So gewinnen Sie digital Ausstrahlung als Führungskraft

Digitale Führung – So gewinnen Sie digitale Ausstrahlung als Führungskraft

Positive Leitfigur sein in Zeiten des Wandels durch digitale Führung. Das ist Ihre Aufgabe als Chef oder Chefin heute. Aber wie soll Ihnen das aus dem Home-Office heraus gelingen?

Einige Tipps vorab:

Arbeiten Sie an Ihrem Mindset und starten Sie mit einer positiven Grundeinstellung.
Wahren Sie auch im Home-Office Ihr professionelles Erscheinungsbild.
Sorgen Sie für einen abgetrennten und aufgeräumten Arbeitsplatz.
Führen Sie regelmäßige Routinen ein, wie z.

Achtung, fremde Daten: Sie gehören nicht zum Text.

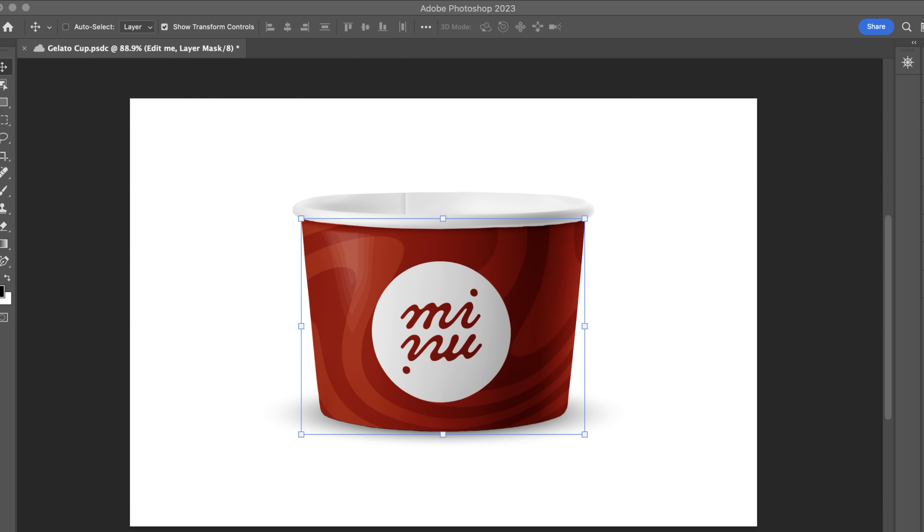Now, let's take a look at the before and after. It's as easy as that. You've now learned how to make a mock-up from a basic photo. Thanks for watching. Keep practicing and apply these techniques to enhance your graphic design projects. Don't forget to like, comment, and subscribe for more helpful tutorials.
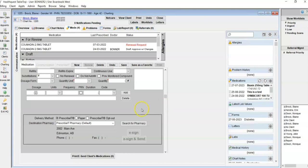So moving forward this is going to be the pharmacy that will populate when creating a new medication, unless you need to change it for a specific medication.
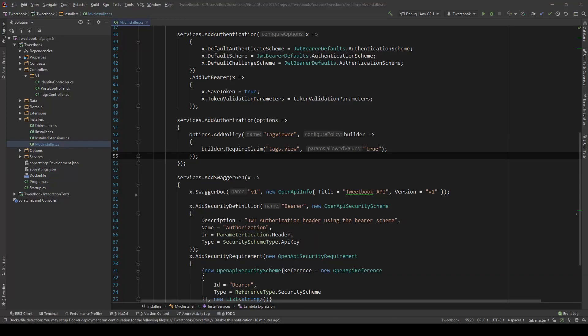Hello everybody, I'm Nick and in this video I'm going to show you how you can start restricting certain endpoints from the user using roles. In the previous video, which you can find in the top right corner of your screen, we talked about claims and how we can use claims and policies to actually restrict certain endpoints from the user. In this video I'm going to show you how we can use roles to do that and why you might want to use roles.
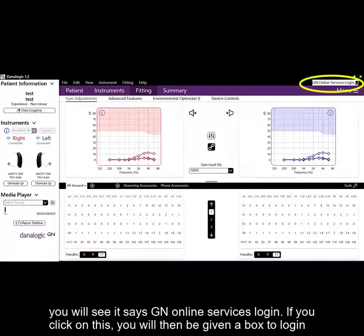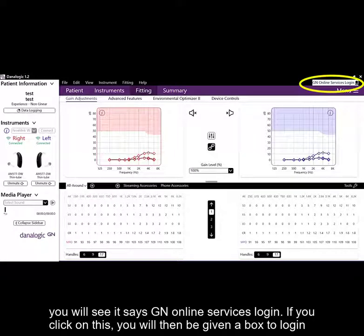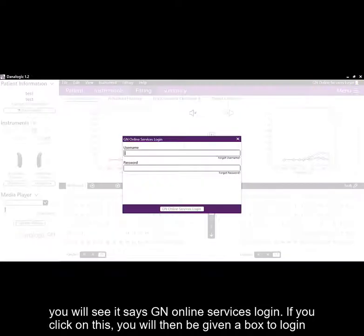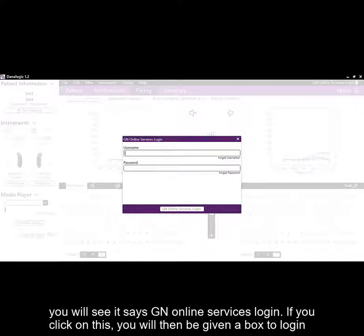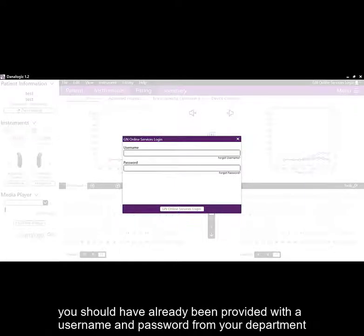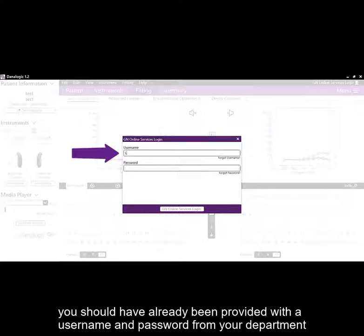You will see it says GN Online Services Login. If you click on this, you will then be given a box to log in. You should have already been provided with a username and password from your department.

B. zum Abschluss des Arbeitstages einen Spaziergang machen, Pausen einhalten,…
Auf eine gesunde Ernährung achten.
Feste Pausenzeiten einplanen.
Virtuelle Teammeetings gut gestalten:
Führungskraft als Moderator – was ist online anders?
Regeln und Ablauf überwachen und ggf. gegensteuern
Konflikte erkennen und lösen
Digitale Einzelgespräche professionell gestalten.
Die digitale schriftliche Kommunikation braucht einen klaren Inhalt.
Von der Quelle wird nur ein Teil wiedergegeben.